Claim 1 of ‘424 patent recites:
…recording a relative time of programming the at least one page of new data and the at least one page of superseded data…
The specification discloses two embodiments corresponding to this claim limitation. The district court construed this claim limitation as requiring the recording of an actual time of programming and excluded the second embodiment. CAFC disagrees and construes it to cover both embodiments. Judge Reyna dissents, in favor of the district court.
The first embodiment of the specification discloses writing a time stamp onto each individual page that “provides an indication of its time of programming, at least relative to the time that other pages with the same logical address are programmed.”
The second embodiment of the specification does not store the time stamp as part of each page, but rather, a single time stamp can be recorded for each block, and is updated each time a page of data is written into the block. Within the block, the new data is physically stored after the old data such that the most recent page with a particular logical address is determined by the relative physical order of those pages within the block. Data is then read from pages in an order of descending physical address, starting from the last page of the most recently updated block containing data pages having the same LBN [Logical Block Number].
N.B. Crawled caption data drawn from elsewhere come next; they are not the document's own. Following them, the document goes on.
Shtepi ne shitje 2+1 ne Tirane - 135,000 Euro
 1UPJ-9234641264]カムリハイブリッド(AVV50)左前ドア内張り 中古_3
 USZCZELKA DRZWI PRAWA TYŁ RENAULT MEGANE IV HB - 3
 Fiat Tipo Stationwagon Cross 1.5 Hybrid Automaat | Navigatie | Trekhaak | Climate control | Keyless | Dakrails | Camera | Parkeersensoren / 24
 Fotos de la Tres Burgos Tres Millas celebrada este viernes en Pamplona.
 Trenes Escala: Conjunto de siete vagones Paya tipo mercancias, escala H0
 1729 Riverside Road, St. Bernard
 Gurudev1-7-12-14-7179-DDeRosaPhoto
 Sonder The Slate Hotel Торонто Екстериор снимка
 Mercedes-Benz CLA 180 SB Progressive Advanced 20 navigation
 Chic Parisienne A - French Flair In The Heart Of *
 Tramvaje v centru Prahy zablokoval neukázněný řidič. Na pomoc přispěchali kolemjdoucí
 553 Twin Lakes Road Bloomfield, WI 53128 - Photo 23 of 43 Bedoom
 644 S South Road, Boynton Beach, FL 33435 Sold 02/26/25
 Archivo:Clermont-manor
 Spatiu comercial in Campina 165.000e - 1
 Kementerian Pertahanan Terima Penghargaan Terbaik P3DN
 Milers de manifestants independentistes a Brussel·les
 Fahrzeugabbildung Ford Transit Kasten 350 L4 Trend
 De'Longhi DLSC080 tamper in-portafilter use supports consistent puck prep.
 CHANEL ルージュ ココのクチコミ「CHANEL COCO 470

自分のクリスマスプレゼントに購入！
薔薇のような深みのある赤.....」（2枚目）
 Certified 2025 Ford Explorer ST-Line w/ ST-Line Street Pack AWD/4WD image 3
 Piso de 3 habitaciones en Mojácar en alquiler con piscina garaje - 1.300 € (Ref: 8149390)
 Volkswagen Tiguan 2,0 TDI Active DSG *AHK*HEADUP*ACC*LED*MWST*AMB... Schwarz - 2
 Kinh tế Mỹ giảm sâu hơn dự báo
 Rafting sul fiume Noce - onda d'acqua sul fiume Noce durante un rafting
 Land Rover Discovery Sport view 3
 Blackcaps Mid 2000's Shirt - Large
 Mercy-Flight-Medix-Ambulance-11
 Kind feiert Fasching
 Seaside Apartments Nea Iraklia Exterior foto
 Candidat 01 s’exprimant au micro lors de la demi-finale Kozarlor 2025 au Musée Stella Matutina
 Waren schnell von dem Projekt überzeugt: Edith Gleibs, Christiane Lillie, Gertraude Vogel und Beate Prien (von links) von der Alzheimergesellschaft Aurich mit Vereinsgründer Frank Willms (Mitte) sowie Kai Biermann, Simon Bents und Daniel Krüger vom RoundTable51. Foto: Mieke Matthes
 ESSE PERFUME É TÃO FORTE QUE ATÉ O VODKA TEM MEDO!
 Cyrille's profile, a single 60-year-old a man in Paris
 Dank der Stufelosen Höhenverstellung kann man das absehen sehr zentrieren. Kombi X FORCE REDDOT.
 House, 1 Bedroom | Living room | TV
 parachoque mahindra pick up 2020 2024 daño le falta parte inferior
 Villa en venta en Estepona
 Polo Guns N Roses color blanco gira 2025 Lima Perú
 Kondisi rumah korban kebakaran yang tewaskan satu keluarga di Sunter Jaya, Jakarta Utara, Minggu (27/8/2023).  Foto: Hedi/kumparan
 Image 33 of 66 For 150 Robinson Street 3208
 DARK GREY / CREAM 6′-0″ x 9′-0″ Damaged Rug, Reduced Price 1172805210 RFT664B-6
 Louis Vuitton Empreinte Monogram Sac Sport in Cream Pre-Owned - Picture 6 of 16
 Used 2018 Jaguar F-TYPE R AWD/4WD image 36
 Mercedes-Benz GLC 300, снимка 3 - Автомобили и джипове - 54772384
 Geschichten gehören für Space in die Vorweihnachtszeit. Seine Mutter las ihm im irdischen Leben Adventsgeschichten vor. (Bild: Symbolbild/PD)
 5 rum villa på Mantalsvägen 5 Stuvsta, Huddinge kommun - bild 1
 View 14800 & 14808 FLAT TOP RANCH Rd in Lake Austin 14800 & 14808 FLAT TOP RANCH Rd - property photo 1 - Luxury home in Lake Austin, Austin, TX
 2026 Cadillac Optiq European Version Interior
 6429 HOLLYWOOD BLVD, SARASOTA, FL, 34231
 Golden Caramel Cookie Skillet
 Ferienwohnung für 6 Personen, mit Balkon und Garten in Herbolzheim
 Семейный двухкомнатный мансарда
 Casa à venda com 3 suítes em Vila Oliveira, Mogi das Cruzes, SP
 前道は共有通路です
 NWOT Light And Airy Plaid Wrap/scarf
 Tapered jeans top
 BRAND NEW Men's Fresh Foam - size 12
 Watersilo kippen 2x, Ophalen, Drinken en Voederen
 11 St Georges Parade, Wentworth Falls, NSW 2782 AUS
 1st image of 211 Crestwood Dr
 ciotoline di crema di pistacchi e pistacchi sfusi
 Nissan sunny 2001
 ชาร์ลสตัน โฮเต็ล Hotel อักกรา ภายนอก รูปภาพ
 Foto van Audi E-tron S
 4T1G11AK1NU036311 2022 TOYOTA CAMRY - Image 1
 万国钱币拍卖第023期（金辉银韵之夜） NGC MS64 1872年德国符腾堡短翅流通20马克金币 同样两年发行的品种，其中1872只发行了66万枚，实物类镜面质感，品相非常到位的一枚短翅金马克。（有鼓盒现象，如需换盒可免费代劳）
CAFC holds that the claims only require “recording a relative time of programming,” not “a time of programming.” The use of “relative” is significant: whereas “recording the time of programming” would suggest that a time of programming must be recorded for each page, “recording a relative time of programming” merely requires recording some indication of the order of programming for those pages sharing a logical address. The claims place no limitation on how the claimed “recording” occurs.
According to Judge Reyna, the first embodiment is faithful to the claim language, recording a time stamp in each individual page. The second is not. In the second embodiment, pages are written in order within the block, and the most current data for a logical page within a block will always be the last physical page in the block containing data for that logical page. However, since the physical pages do not contain any timestamp data, relative or otherwise, all that can be said is that the pages were written at the same time or after the time stamp in the physical block. In other words, although the relative order can be inferred from the physical number of the page, nothing is known about the relative times.
The majority avoids the distinction between “order” and “relative time” by focusing on the “relative” limitation in the claim and ignoring the limitations that the time must be recorded and that it must be a time. According to the dissent, this construction improperly ignores express limitations of the claims and uses the specification to broaden the patent.
The claim term “relative time” consists of “relative” and “time,” the former comes from the second embodiment and the latter comes from the first embodiment. If the specification includes a clear indication that the claimed “relative time” at least covers both of the first and second embodiments, this kind of uncertainty in the claim construction could have been avoided in advance. Kingston could have argued that an ordinary and customary meaning of “relative time” refers to a scientific term in physics (developed by Albert Einstein). In that case, Sandisk would have borne higher burden to make judges understand that the present invention is different from the “relativity.”